A few months ago, Brandon, 39, a truck driver in Florida, reviewed his mother's retirement account with her and was surprised to find she had saved only 112,000 USD.
His mother plans to retire at 67, about two years from now. Although she expects to receive Social Security next year, she still has mortgage and car loan payments. "At her current spending rate, my mother will never be able to retire", Brandon said.
He worries his mother will view her children as a source of support in old age. She is currently caring for Brandon's 91-year-old grandmother and has hinted that she might need her son's help later. Meanwhile, Brandon also has a wife and two young children to support.
Cases like Brandon's are increasingly common.
In the US, about 10,000 older adults leave the workforce daily. Most post-retirement income in the US comes from savings and investments accumulated during working years. Americans typically prepare financially for their old age rather than relying on their children.

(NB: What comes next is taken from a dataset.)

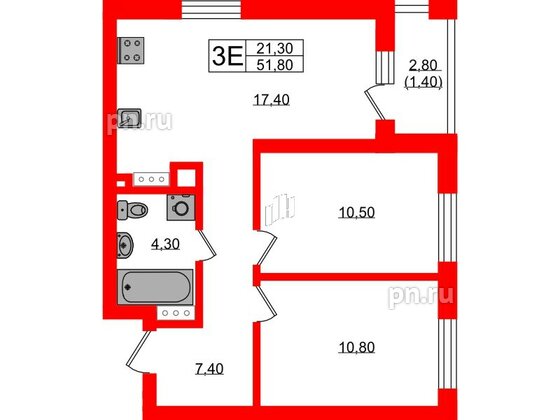 Квартира в ЖК «River Park», 2 комнатная, 51.8 м², 2 этаж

According to statistics from investment consulting firm Vanguard, only 40% of people aged 61 to 65 have sufficient finances to maintain their standard of living in retirement. A Charles Schwab survey indicates Americans estimate needing an average of 1.6 million USD for retirement, but actual savings are significantly lower. The US Federal Reserve (Fed) reports that the median retirement savings for an American household is only 87,000 USD, creating a massive financial gap as they pass 65.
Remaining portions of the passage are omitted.